Your task: From the listing below, restate word for word the lines from the line containing "Courchevel / Les" down through the line containing "Single Family Residence". Exclude pictures.

Data to use:
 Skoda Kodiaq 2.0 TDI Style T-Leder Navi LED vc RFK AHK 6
* * *
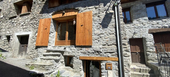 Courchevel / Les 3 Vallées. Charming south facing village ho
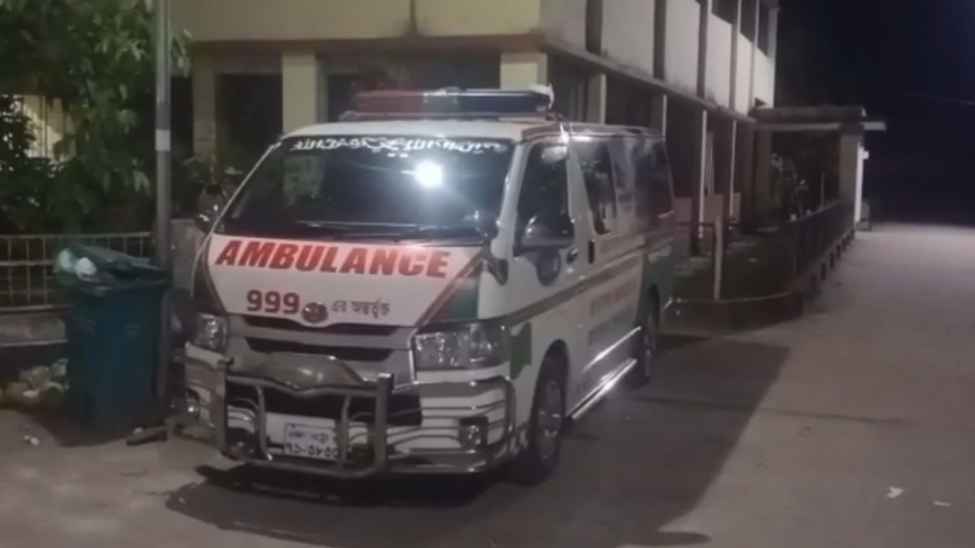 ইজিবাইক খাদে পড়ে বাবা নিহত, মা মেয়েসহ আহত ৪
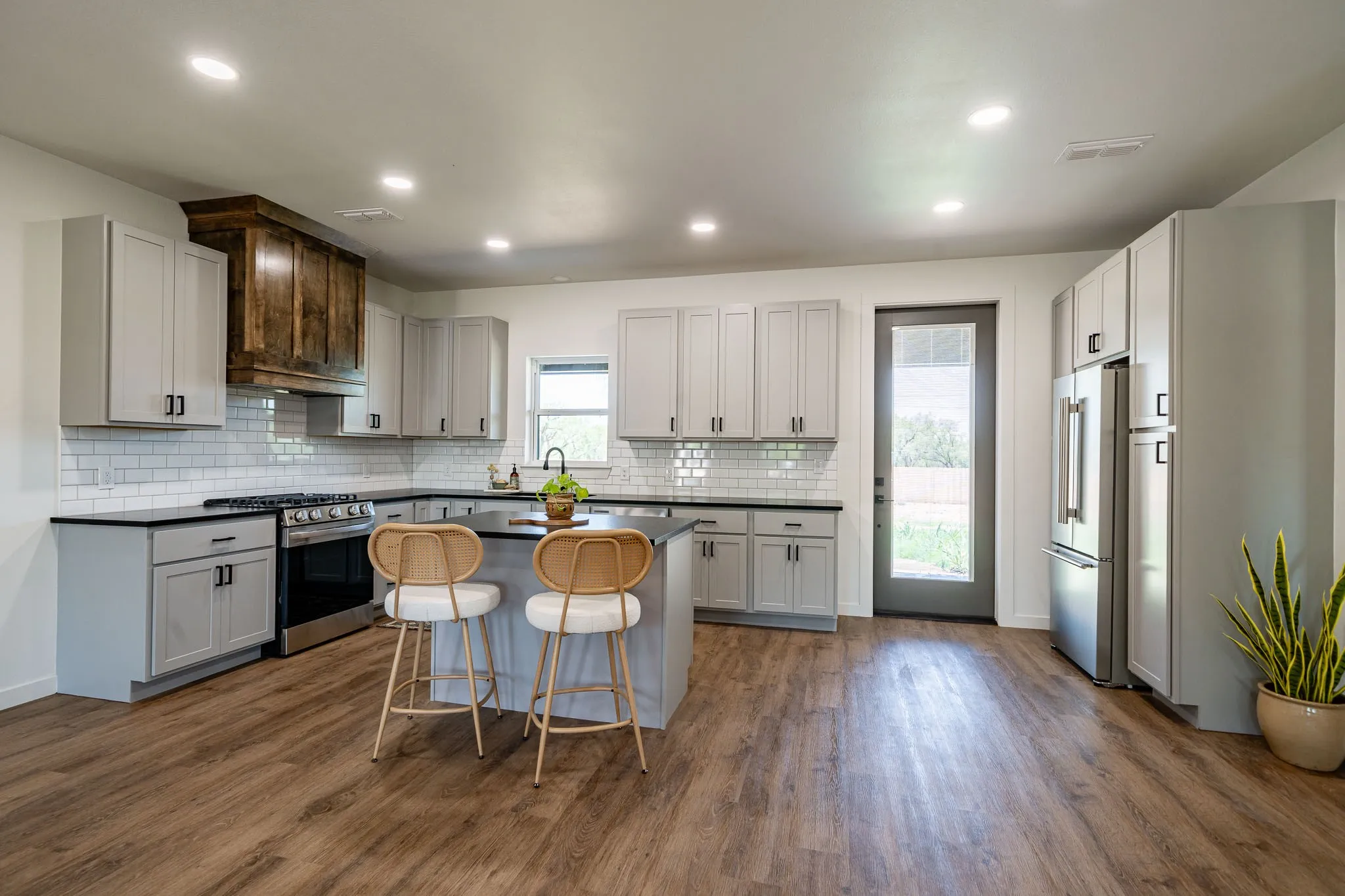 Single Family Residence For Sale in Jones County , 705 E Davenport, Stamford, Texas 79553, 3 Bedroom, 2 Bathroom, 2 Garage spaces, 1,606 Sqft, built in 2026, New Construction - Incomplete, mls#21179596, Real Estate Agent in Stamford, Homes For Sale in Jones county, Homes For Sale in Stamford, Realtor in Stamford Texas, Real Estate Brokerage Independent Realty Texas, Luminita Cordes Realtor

Worked solution:
 Courchevel / Les 3 Vallées. Charming south facing village ho
 ইজিবাইক খাদে পড়ে বাবা নিহত, মা মেয়েসহ আহত ৪
 Single Family Residence For Sale in Jones County , 705 E Davenport, Stamford, Texas 79553, 3 Bedroom, 2 Bathroom, 2 Garage spaces, 1,606 Sqft, built in 2026, New Construction - Incomplete, mls#21179596, Real Estate Agent in Stamford, Homes For Sale in Jones county, Homes For Sale in Stamford, Realtor in Stamford Texas, Real Estate Brokerage Independent Realty Texas, Luminita Cordes Realtor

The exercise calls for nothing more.